At the end of this year in which election results reinserted immigration into the political conversation, remember that 2012 is the 150th anniversary of “the first comprehensive immigration law.” This is how the Homestead Act of 1862 is described by Blake Bell, historian at the Homestead National Monument of America near Beatrice, Neb., one of the National Park Service’s many educational jewels that make the NPS one of just two government institutions (the other is the U.S. Marine Band) that should be exempt from any budget cuts, for all eternity.
In 1862, the grim year of Shiloh and Fredericksburg, Congress would have been forgiven for concentrating only on preventing national dismemberment. Instead, while defiantly continuing construction of the Capitol dome, Congress continued nation-building.

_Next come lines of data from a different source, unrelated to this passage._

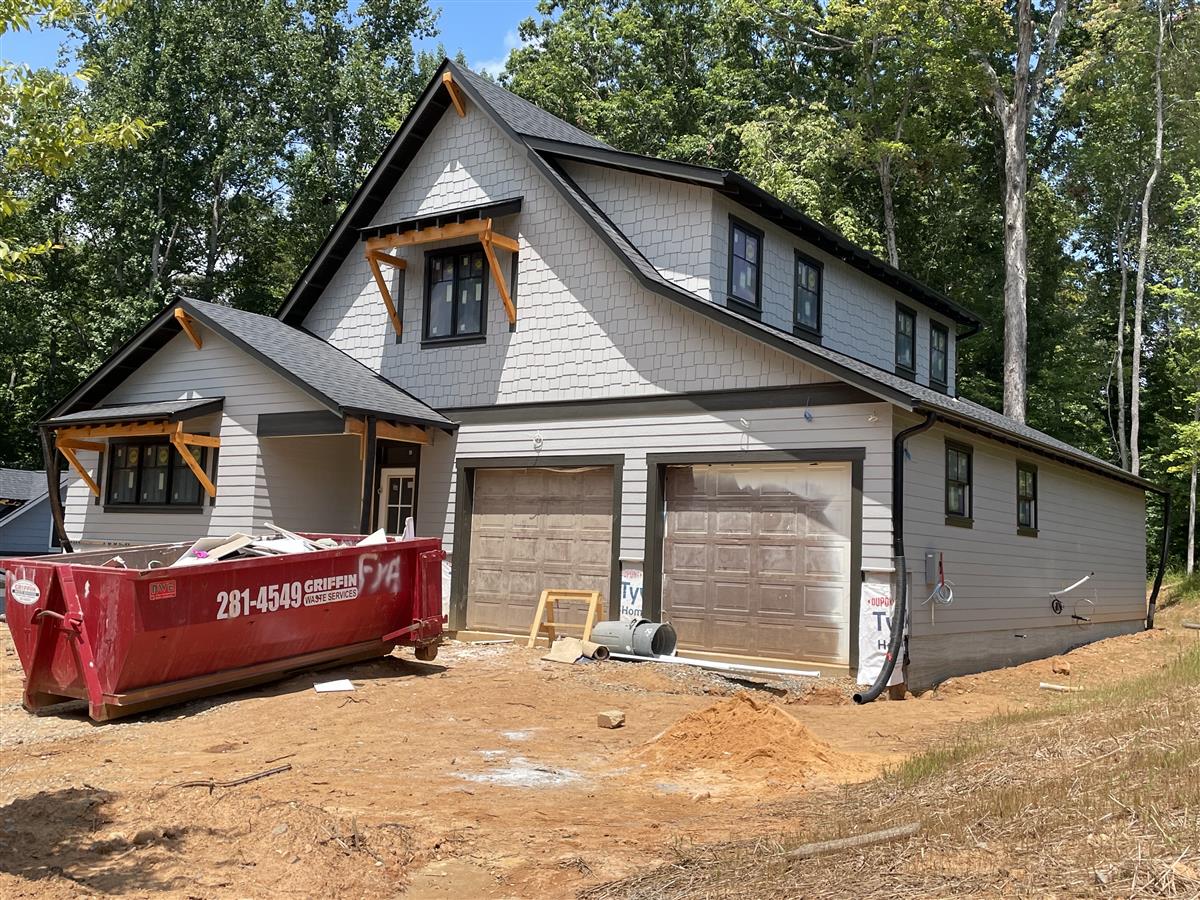 A picture of the property located at 68 ASHE PARK CIR, ASHEVILLE NC 28806.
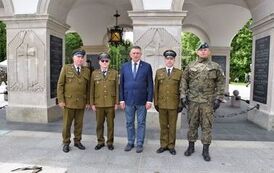 Obchody 87. rocznica śmierci marszałka J&oacute;zefa Piłsudskiego oraz 52. rocznica śmierci generała Władysława Andersa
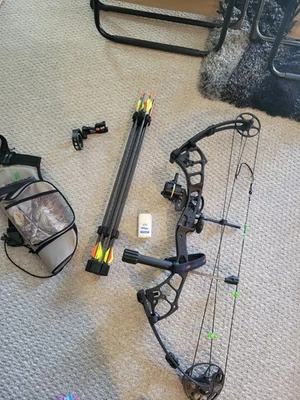PSE compound bow 60lb with accessories  - Image 1 of 4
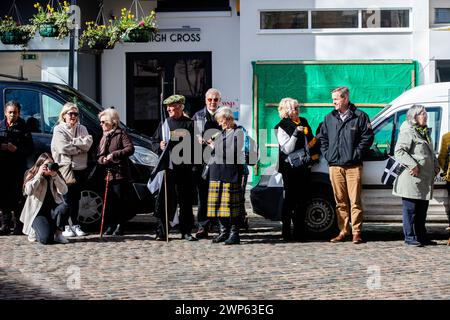 Truro, Großbritannien. März 2024. Im Zentrum von Truro, Cornwall, versammeln sich Menschenmassen, um den St. Piran's Day zu feiern. Quelle: Kai Greet/Alamy Live News. Stockfoto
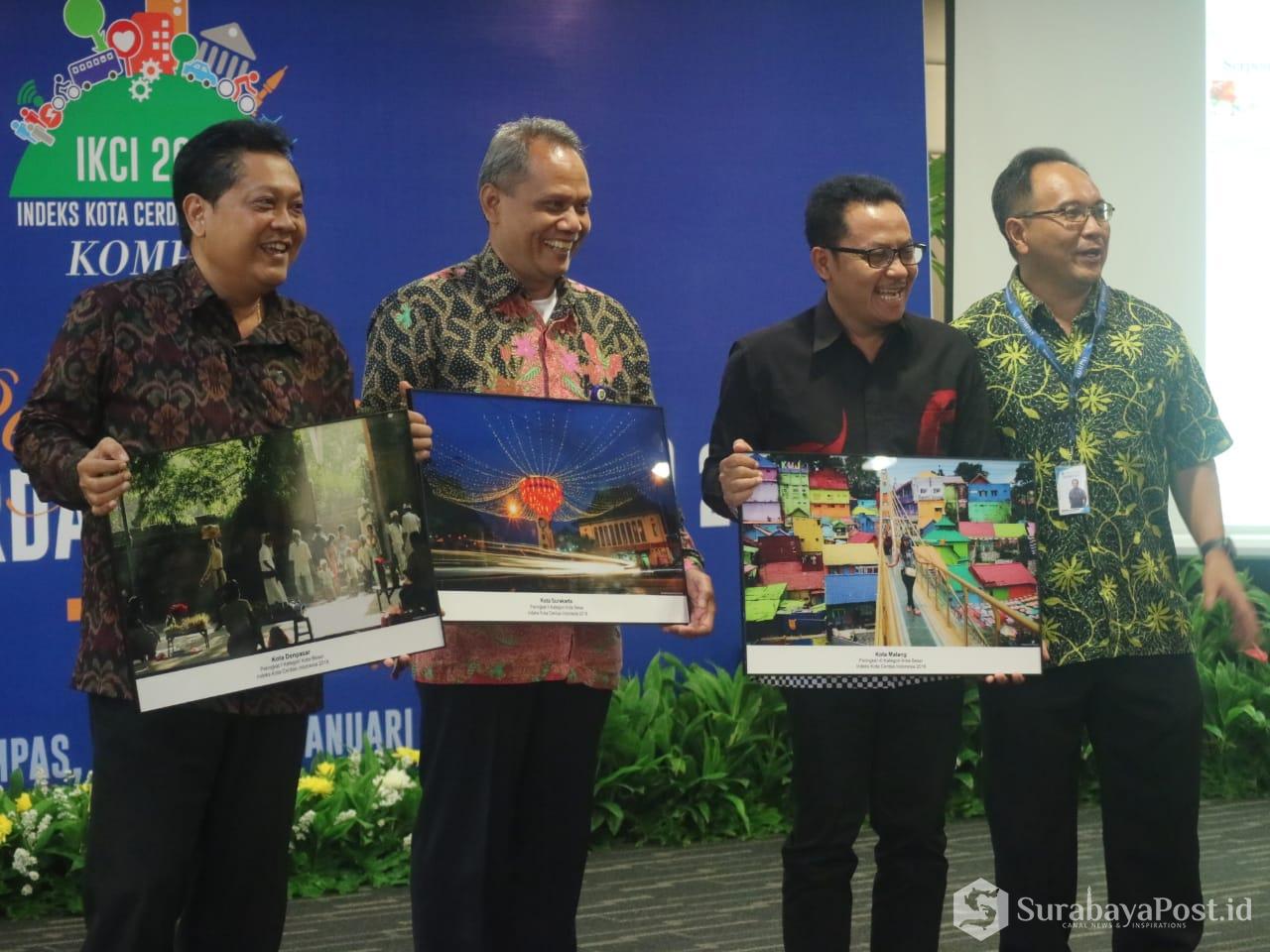 Wali Kota Malang Sutiaji (dua dari kanan) saat menerima penghargaan Kota Cerdas .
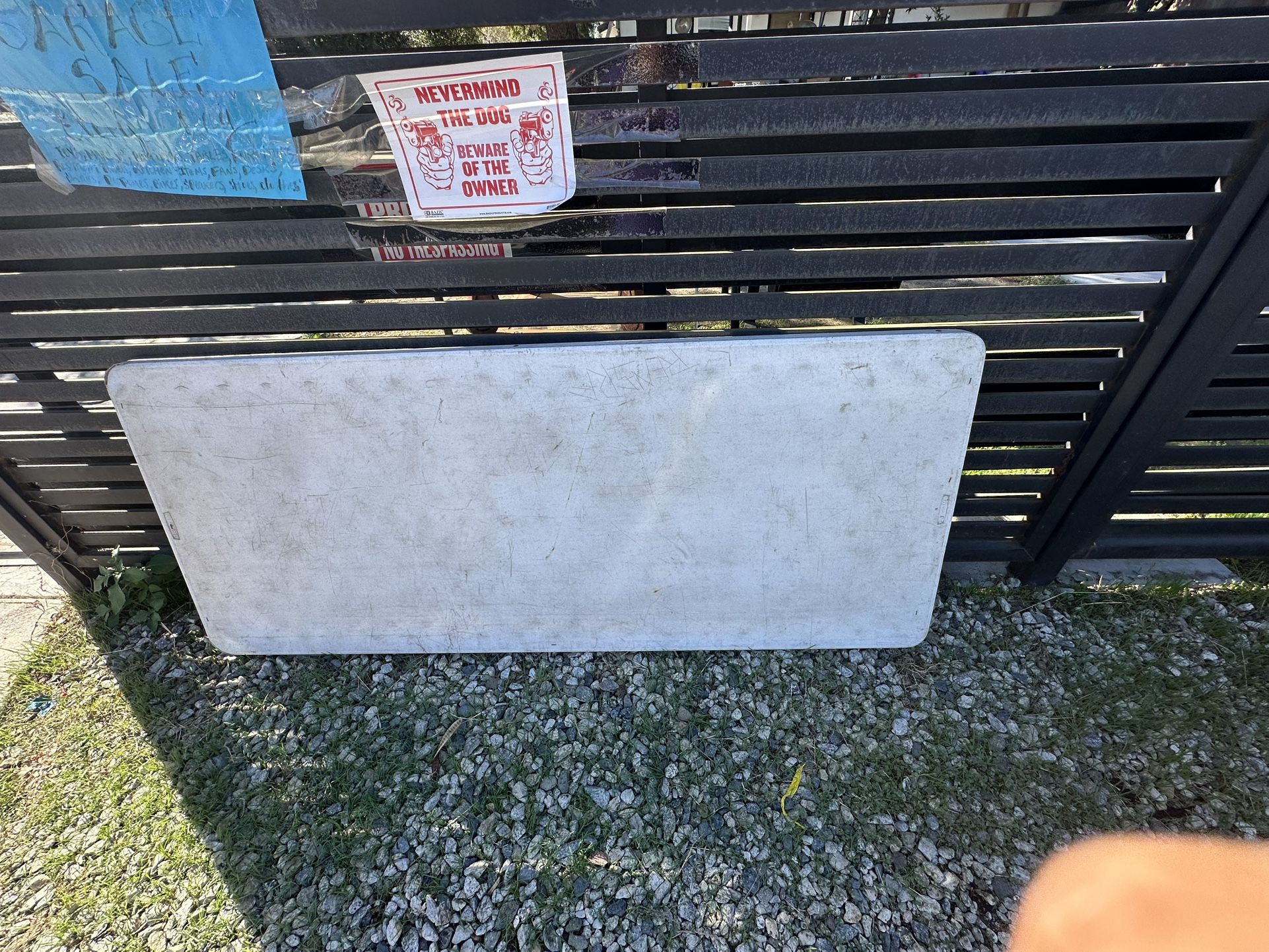 Big Table 6 Ft - The Large One - Good Condition - 50$ Firmed Price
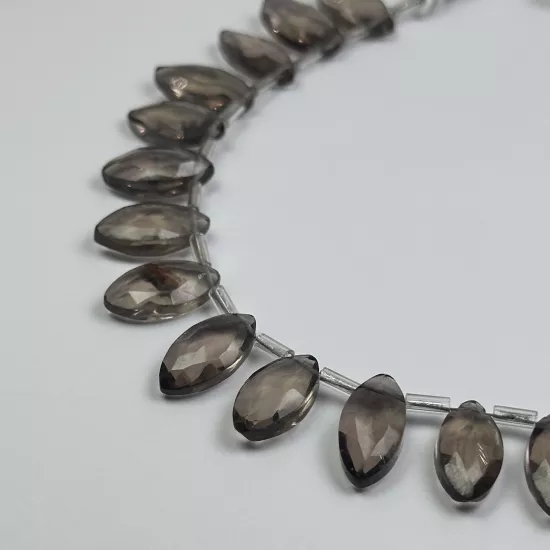 Doğal, işlem görmemiş dumanlı kuvars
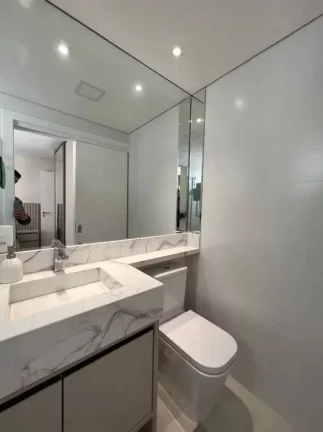 Imagem Apartamento mobiliado com 3 suítes e 2 vagas no Centro de Balneario Camboriu- SC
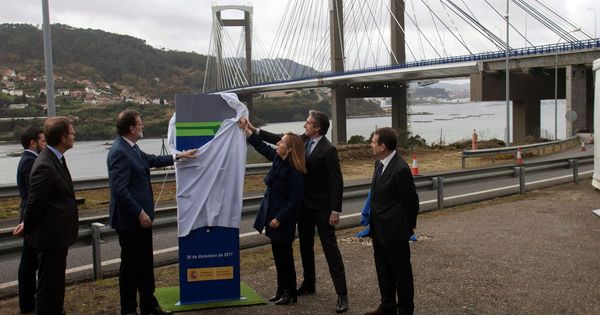 Foto: Mariano Rajoy, durante la inauguración de la ampliación del puente de Rande. (EFE)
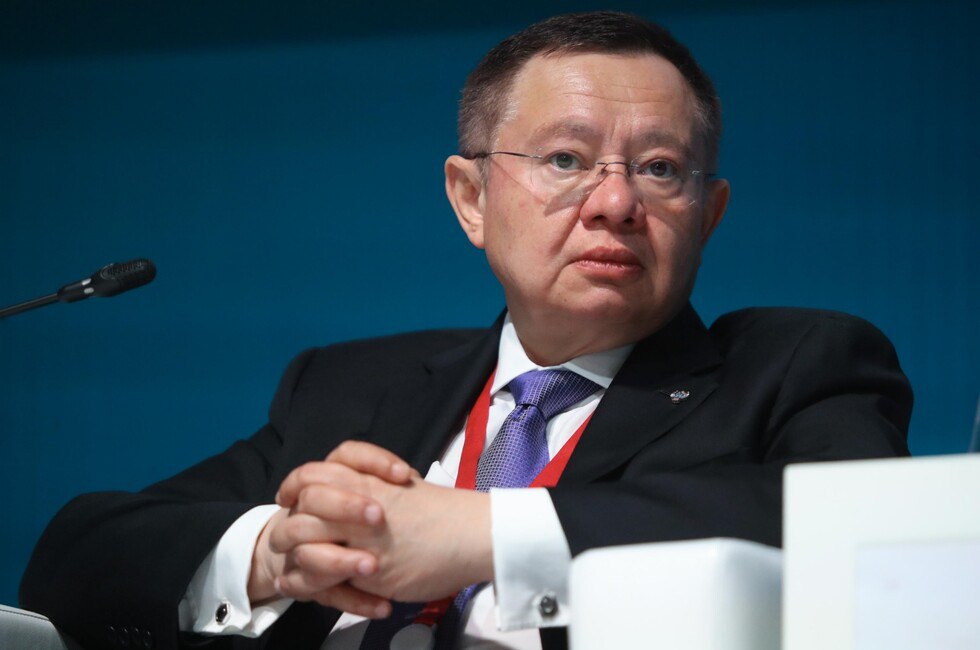 Файзуллин: темпы формирования градопотенциала Донбасса надо наращивать Министр строительства и жилищно-коммунального хозяйства РФ Ирек Файзуллин, выступая на #ПМЭФ, отметил, что градопотенциал новых регионов формируется, но темпы пока недостаточны. «Поэтому основная задача всех нас сегодня — это активно раскрутить первичные моменты, когда вроде застройщик готов, но земля не оформлена до конца, нет градодокументации, недосоздана та структура, которая необходима для того, чтобы система работала как во многих передовых регионах, где стройка осуществляется», — отметил Файзуллин. Фото: Росконгресс/Игорь Руссак Читать полностью Подписаться
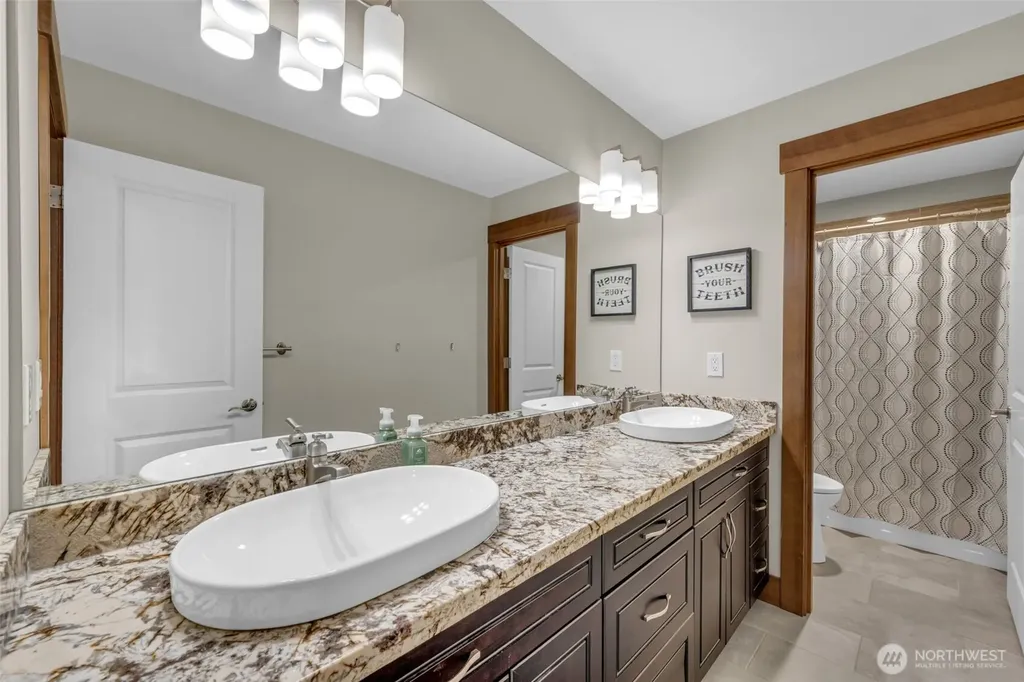 13709 110th Street NE Lake Stevens WA 98258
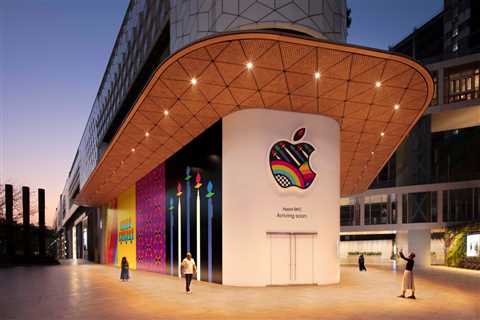 Apple readies opening of its first retail retailer in India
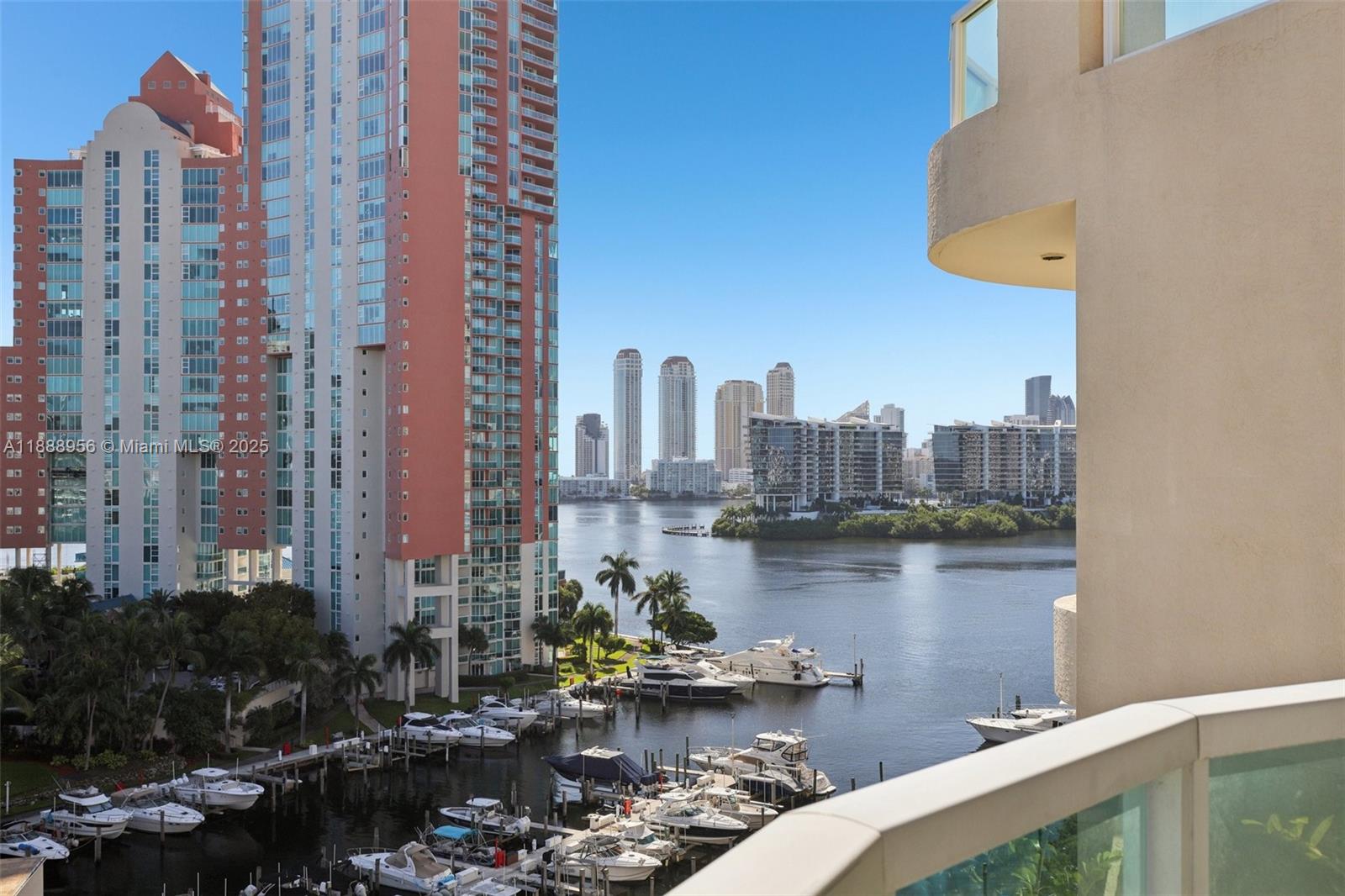 Aventura Marina Condo Num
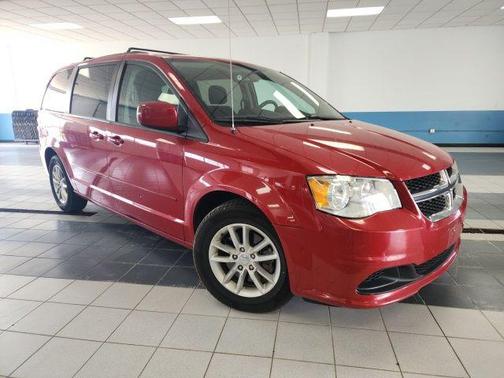 Redline 2 Coat Pearl 2013 Dodge Grand Caravan SXT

It passed the Pacific Railway Act to provide for the movement of people and goods to and from the new lands in the West, the Morrill Act to build land-grant colleges emphasizing agriculture, and, most important, the Homestead Act, whose provisions were as simple as the problem it addressed was stark.
What today is called the Great Plains was at that time identified on maps as the Great American Desert. Under the act, $18 in fees entitled homesteaders to farm 160 acres to which they would acquire title for no further cost after five years. Or after six months, if they paid $1.25 an acre. (Union soldiers could deduct their time in uniform from the residency requirement.) The act was intended to attract immigrants from abroad — immigrants who would put down roots. For this purpose it provided all requirements for citizenship.